PROJECT SUMMARY/ABSTRACT
Prostate cancer (PCa) is the most commonly diagnosed cancer and second leading cause of cancer
death in American males. Androgen deprivation therapies extend patient lifespan, but can result in progression
to castration resistant prostate cancer (CRPC). Moreover, treatment with next generation antiandrogens often
results in further resistance and differentiation to neuroendocrine prostate cancer. Recently, immunotherapies,
such as immune checkpoint inhibitors, have become an area of much interest. However, CRPC has shown a
poor response to immune checkpoint inhibitors, due to its immunosuppressive nature. Thus, we need a better
understanding of how genetic alterations commonly seen in advanced PCa shape the tumor immune
microenvironment (TIME), in order to inform the design of better-targeted immunotherapeutic approaches. We
here propose to investigate the role of epithelial transcription factor Forkhead Box A1 (FOXA1) in regulating the
TIME in PCa.

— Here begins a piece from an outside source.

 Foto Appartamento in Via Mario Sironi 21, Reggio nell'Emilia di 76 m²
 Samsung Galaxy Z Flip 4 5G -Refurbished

FOXA1 is found to be downregulated in CRPC, and is among the most highly mutated genes in
PCa. In accordance, we have previously shown that FOXA1 loss or mutation induces epithelial-mesenchymal
transition and metastasis. However, whether FOXA1 loss-of-function induces an immunosuppressive TIME
in PCa remains poorly understood. In preliminary studies, we noticed that inflammatory cytokines, such as
CCL2, TGFB3, and IL8, which are associated with recruitment of immunosuppressive myeloid derived
suppressor cells and tumor-associated macrophages, were among the most highly upregulated genes upon
FOXA1 depletion or mutation. In our investigation of the mechanism by which FOXA1 represses the expression
of inflammatory cytokines, we identified ARID1A as a FOXA1 co-repressor. Notably, we found FOXA1 and
ARID1A proteins interacted and exhibited extensive co-occupancy on the chromatin in PCa cells. Moreover,
ARID1A repressed genes were also enriched for inflammatory pathways. Thus, we hypothesize that FOXA1
loss or mutation in PCa unleashes ARID1A and induces epigenetic reprogramming and inflammatory
cytokine signaling, thereby promoting an immunosuppressive tumor microenvironment and PCa
progression. We here propose to: (1) decipher the molecular mechanisms by which wild type and mutant
FOXA1 regulate inflammatory cytokine signaling, and (2) determine the extent to which FOXA1 loss or mutation
induces an immunosuppressive tumor microenvironment in PCa.